## [What is required]
Starting at the line below with "Lululemon running shorts" and stopping at the line with "Meatball Sandwich", please print each line exactly, those two included, and skip every picture.

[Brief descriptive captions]
= = = = = = =
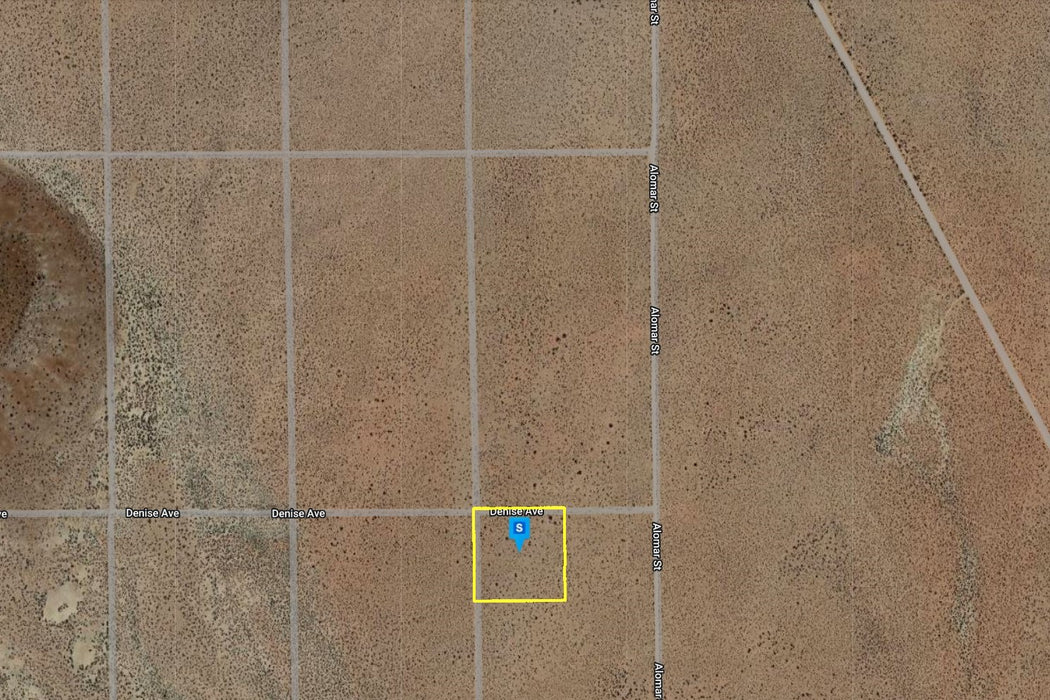 2.50 Acres Edwards, Kern County, CA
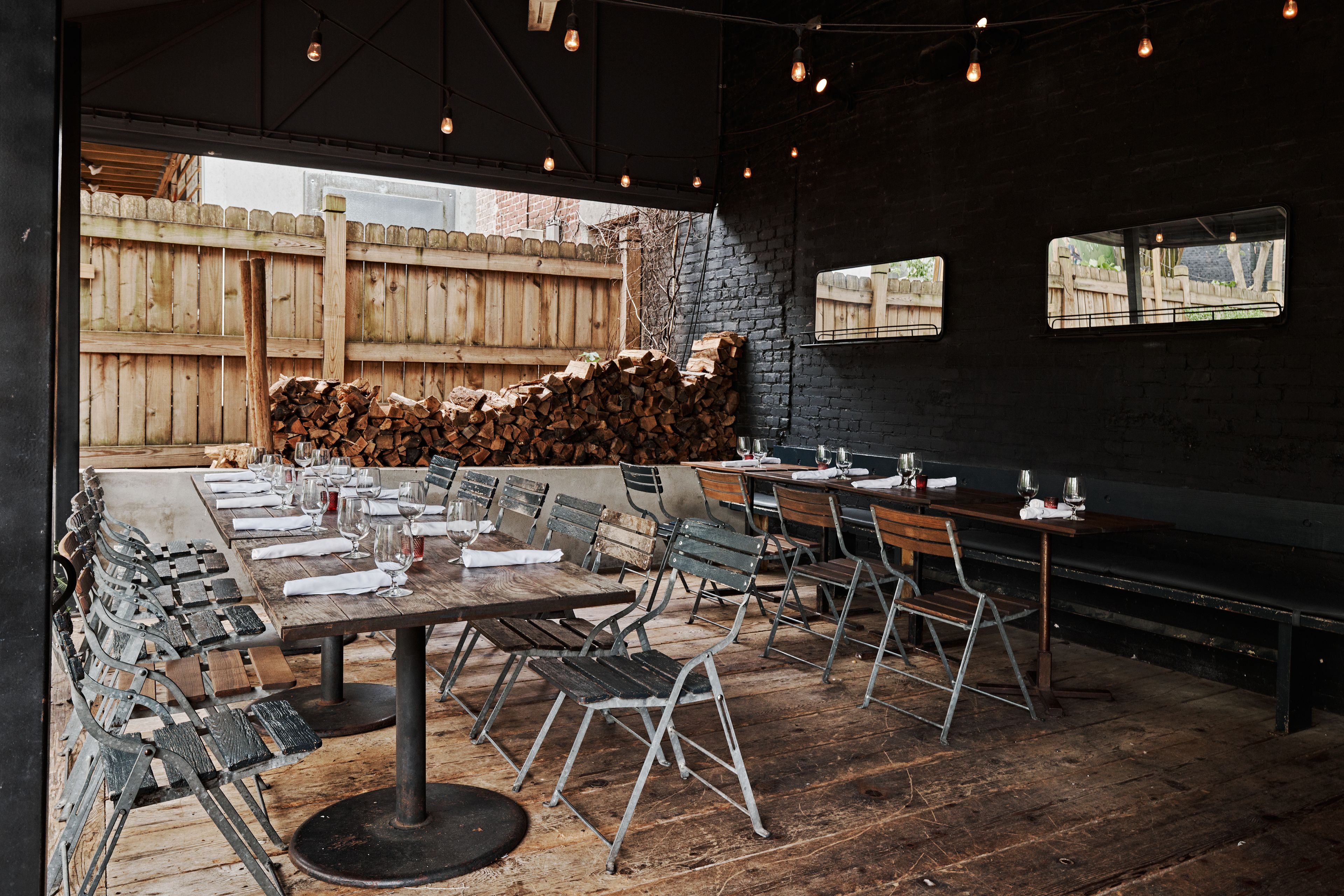 Backyard Patio, an event space at No.246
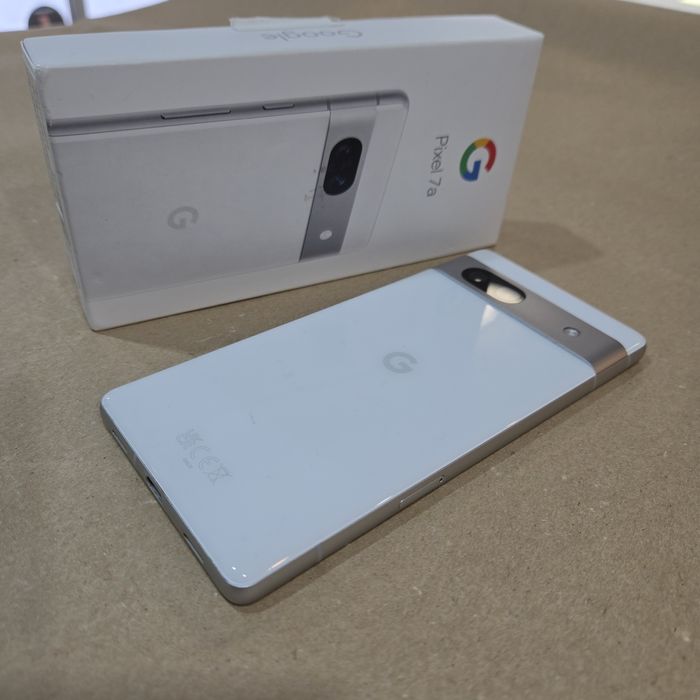 GooGle PIXEL 7a * 8/128 GB* Kolor Bialy * Bez Rat i obciazen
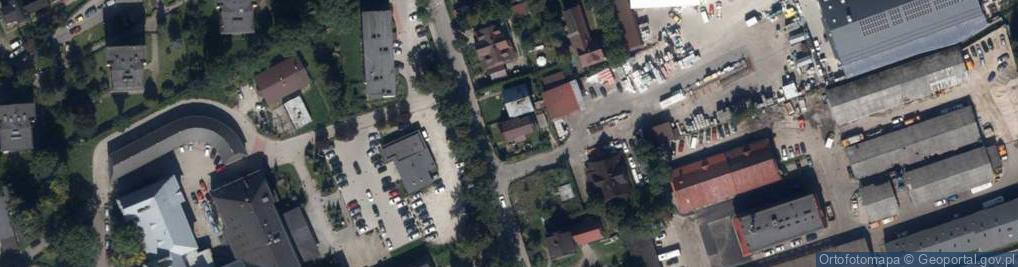 Zdjęcie satelitarne Szymony ul.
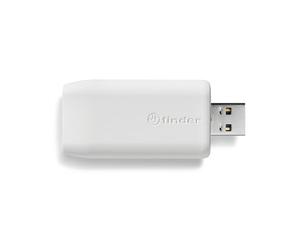 Finder Range Extender USB YESLY Tipo 1YEU005, plug -n play. Estende il campo d'azione del sistema YESLY di circa 10 metri in campo libero. Non necessita di configurazione.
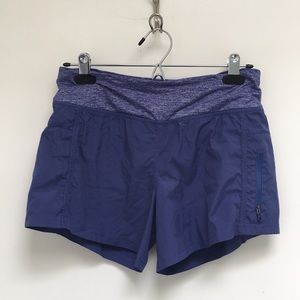 Lululemon running shorts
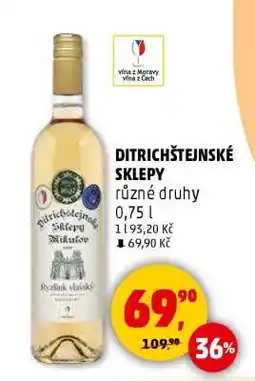 Penny Market DITRICHŠTEJNSKÉ SKLEPY nabídka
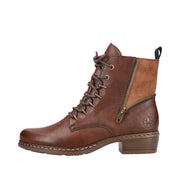 Rieker Y0800-24 Brown/Reh Boots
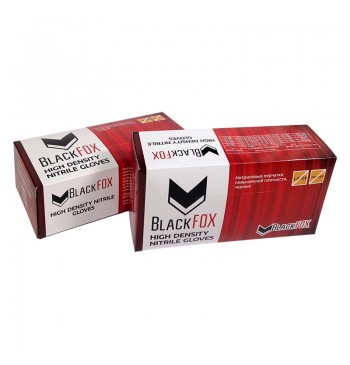 Перчатки нитриловые BlackFox 12011-27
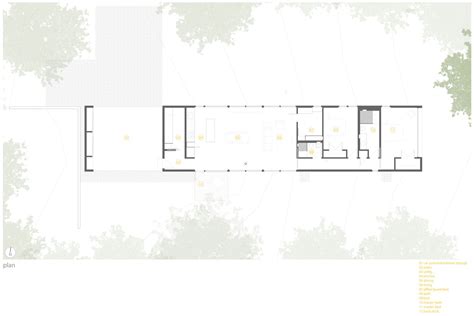 Gallery Of Corbett Residence In Situ Studio House Layout Plans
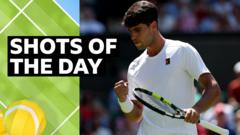 What Were the Most Magical Moments on Day One of Wimbledon?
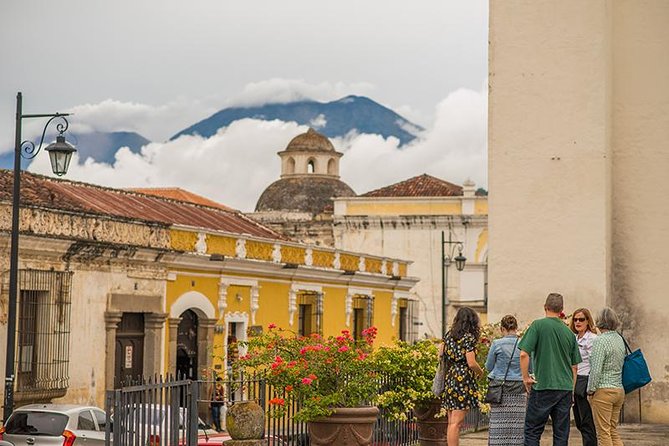 Classic Cultural Walking City Tour of Antigua Guatemala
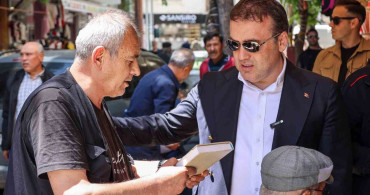 Bilecik Valisi Faik Oktay Sözer Esnafla Buluştu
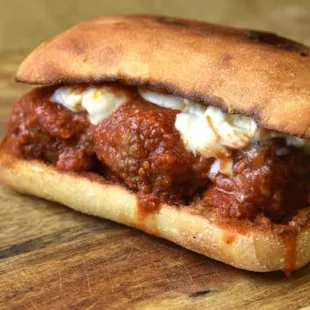 Meatball Sandwich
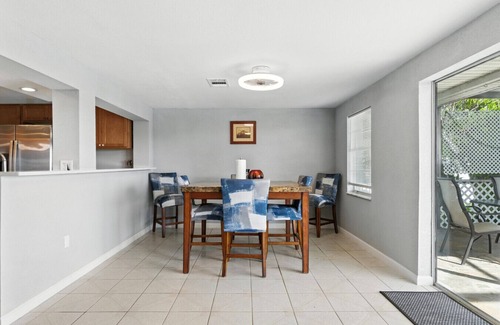 Edgewater House | Dockside and Waterfront with Pool in Charlotte Harbor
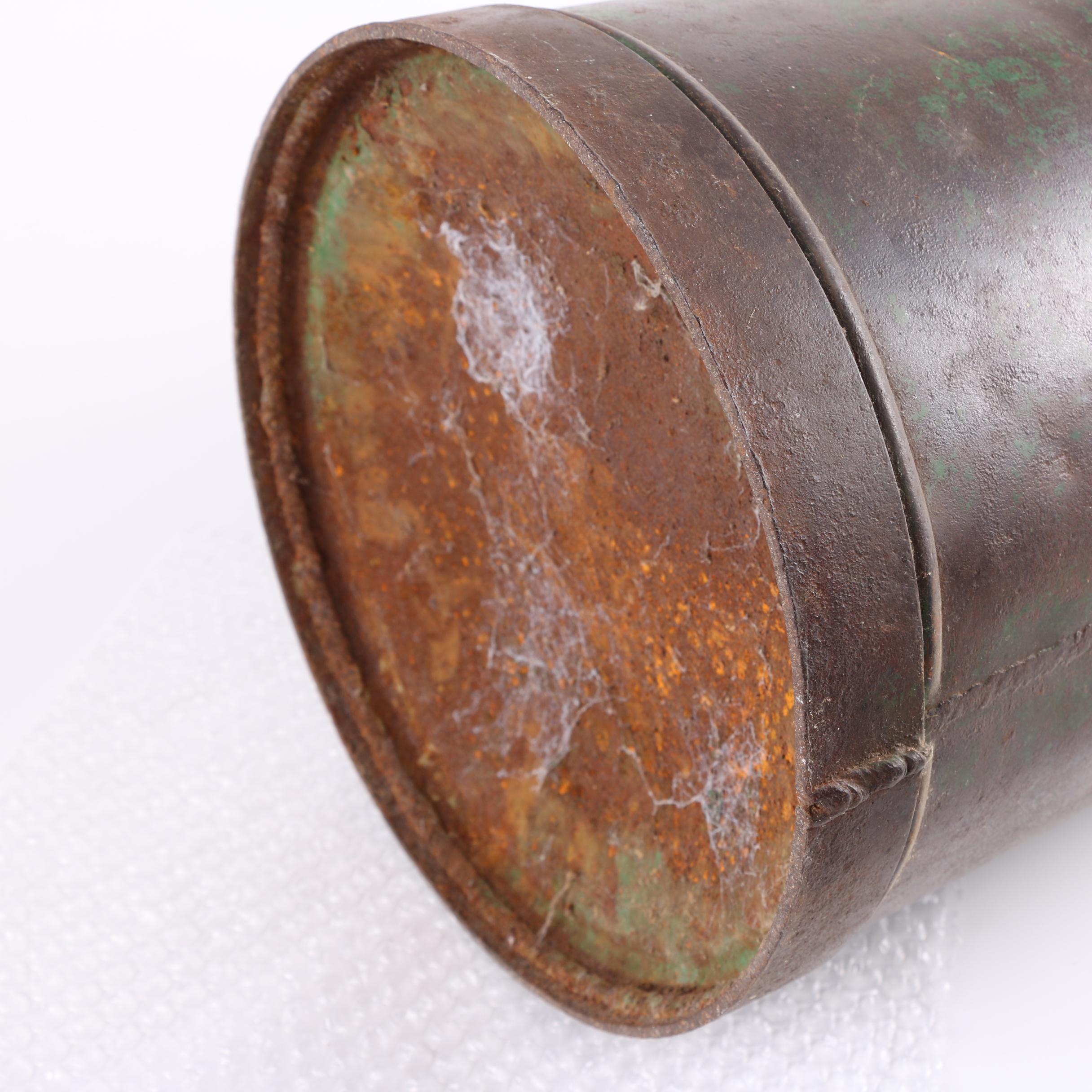 Vintage Midland 5-Gallon Metal Milk Can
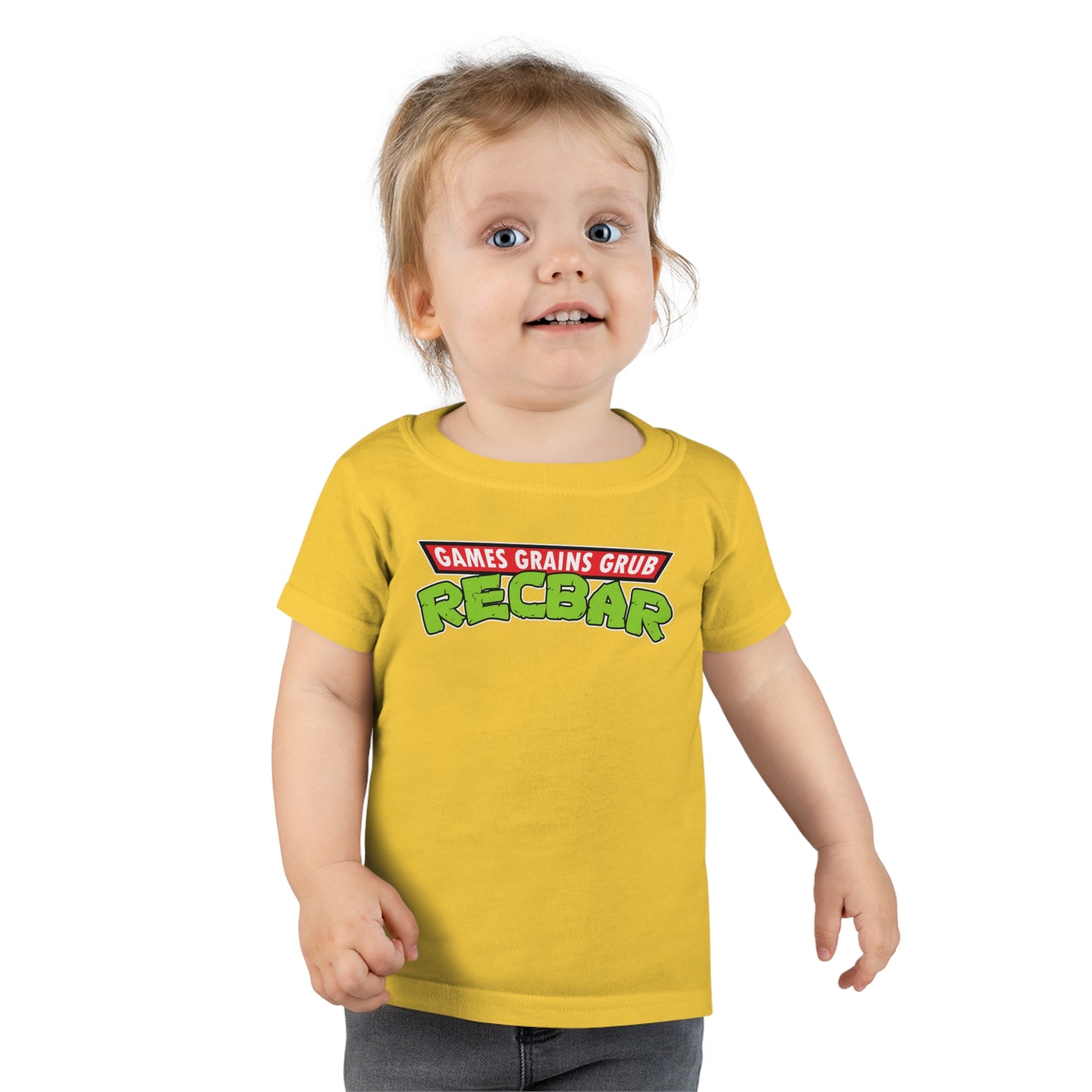 Recbar in a Halfshell Toddler T-shirt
= = = = = = =
## [Output below]
 Lululemon running shorts
 Penny Market DITRICHŠTEJNSKÉ SKLEPY nabídka
 Rieker Y0800-24 Brown/Reh Boots
 Перчатки нитриловые BlackFox 12011-27
 Gallery Of Corbett Residence In Situ Studio House Layout Plans
 What Were the Most Magical Moments on Day One of Wimbledon?
 Classic Cultural Walking City Tour of Antigua Guatemala
 Bilecik Valisi Faik Oktay Sözer Esnafla Buluştu
 Meatball Sandwich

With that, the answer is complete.